As you can see from the image, the GPS is on, but there is no Cellular (this unit only has Wifi) an the Wifi is off. You can see the blue arrow (below the word "Beaverton")....that is me!

One thing...have you downloaded maps for "Offline Viewing"? You need to do this first.


----------



## rdvholtwood (Sep 18, 2008)

BluegrassRV said:


> A little off topic, but we are thinking of getting an iPad on a standard data plan (not prepaid) from Verizon or AT&T. Can you all please share your thoughts on what service provides great coverage in a variety of areas when you're traveling? Im more interested in whether one provider has wider coverage than faster speed.
> 
> Particularly interested in how the coverage is for the different carriers while you're using iPad in passenger seat and vehicle is moving.
> 
> ...


i know this topic is old; however, I am wondering *what service you ended up choosing? *- and how you like it. I have an iPad 4 with wireless and just bought my wife the same one. I am within the 14 day return/exchange window and am thinking about exchanging it for an iPad 4 with cellular. From what I've found searching on the web, it looks like *Verizon *might be the choice I would select.
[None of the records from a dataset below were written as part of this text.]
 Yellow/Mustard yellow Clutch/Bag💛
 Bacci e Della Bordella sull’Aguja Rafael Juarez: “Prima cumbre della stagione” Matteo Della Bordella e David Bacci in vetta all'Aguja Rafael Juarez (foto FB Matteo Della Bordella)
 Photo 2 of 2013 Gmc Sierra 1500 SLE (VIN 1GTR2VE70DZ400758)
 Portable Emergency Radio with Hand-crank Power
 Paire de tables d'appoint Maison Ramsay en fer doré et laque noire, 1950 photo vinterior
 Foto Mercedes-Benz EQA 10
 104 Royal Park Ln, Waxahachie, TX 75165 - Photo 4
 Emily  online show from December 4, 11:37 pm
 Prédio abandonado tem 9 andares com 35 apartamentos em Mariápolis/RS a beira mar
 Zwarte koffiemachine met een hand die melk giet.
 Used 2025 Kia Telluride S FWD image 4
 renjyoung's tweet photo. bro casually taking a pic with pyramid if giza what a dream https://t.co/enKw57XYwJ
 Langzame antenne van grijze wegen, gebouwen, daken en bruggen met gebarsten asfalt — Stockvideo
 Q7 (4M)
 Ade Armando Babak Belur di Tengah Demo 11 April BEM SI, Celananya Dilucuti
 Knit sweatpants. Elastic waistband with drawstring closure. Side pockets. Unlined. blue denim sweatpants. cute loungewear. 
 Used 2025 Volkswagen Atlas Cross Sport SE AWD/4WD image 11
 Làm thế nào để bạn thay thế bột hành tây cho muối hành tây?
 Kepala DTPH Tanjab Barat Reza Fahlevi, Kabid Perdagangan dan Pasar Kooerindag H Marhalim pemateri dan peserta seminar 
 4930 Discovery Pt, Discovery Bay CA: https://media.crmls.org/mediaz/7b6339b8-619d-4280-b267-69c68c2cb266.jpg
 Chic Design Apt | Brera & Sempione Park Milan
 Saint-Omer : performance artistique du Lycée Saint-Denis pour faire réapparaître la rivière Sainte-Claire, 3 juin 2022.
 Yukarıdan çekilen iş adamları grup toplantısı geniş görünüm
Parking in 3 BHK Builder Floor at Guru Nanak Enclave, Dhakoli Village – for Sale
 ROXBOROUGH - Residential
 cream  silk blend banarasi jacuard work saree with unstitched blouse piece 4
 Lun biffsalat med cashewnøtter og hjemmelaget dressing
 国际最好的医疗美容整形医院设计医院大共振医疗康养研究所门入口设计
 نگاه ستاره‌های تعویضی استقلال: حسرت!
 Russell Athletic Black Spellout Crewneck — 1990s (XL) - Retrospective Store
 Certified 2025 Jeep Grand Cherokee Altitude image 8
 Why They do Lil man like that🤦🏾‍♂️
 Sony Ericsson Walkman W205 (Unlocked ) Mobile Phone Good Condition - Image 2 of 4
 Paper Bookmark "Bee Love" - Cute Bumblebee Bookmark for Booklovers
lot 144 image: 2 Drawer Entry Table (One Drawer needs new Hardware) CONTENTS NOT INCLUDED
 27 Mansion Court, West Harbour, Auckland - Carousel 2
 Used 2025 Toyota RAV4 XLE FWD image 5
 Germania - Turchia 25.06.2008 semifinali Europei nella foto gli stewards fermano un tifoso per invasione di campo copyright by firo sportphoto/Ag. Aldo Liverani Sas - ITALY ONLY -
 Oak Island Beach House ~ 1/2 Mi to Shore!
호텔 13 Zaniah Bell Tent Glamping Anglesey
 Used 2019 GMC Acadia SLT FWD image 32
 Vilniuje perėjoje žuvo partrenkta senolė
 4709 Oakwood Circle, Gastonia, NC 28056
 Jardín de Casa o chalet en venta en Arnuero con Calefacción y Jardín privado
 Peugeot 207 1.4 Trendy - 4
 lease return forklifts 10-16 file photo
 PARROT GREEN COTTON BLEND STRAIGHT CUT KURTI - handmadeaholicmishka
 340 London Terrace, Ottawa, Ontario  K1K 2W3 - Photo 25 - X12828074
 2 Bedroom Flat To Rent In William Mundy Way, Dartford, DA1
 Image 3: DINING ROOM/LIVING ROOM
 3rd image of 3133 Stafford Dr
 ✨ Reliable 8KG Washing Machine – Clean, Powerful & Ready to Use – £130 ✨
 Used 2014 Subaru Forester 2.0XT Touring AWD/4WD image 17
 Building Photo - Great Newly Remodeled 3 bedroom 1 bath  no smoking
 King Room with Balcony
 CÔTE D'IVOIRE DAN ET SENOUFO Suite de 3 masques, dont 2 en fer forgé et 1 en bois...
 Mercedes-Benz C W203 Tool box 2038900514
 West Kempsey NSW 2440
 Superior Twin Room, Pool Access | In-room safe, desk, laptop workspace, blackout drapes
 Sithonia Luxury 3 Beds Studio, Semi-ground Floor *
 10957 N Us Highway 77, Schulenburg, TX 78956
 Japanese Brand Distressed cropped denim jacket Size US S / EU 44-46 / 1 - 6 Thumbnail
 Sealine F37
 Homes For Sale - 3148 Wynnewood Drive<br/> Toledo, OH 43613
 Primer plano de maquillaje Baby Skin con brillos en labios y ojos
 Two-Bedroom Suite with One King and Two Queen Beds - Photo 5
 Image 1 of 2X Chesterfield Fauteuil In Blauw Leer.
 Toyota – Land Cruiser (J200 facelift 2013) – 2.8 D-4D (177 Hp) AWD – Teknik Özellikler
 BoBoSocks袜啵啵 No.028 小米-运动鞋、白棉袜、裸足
We live in a rural area that historically had no coverage years back. DW and I both have cell phone plans with AT&T and coverage is ok. When I checked the Verizon map for Holtwood, it showed we had 4GLTE coverage.

Thanks,

Rick


----------



## BluegrassRV (Aug 14, 2012)

Hello, sorry for the late reply, we were in Yellowstone for 2 weeks. I can say the Verizon Ipad 4 has had mixed results... really not fair for me to judge it while traveling since most of the time we were in very remote areas. I-90 through South Dakota was pretty disappointing for coverage. Once we got into Wyoming Verizon ipad coverage was spotty, then once we were in Yellowstone, we got nothing the whole time.

Also when we then when down to the Snake River KOA in Jackson, WY (a town of 10K), the coverage was showing as 1 bar, but really pathetic.

But once we got onto interstates (I-80) we really didnt have any trouble and got many bars and even some LTE.

Im not really saavy on the technical language and what not, i just know when the thing works and when it doesnt.

Hope that helps.


----------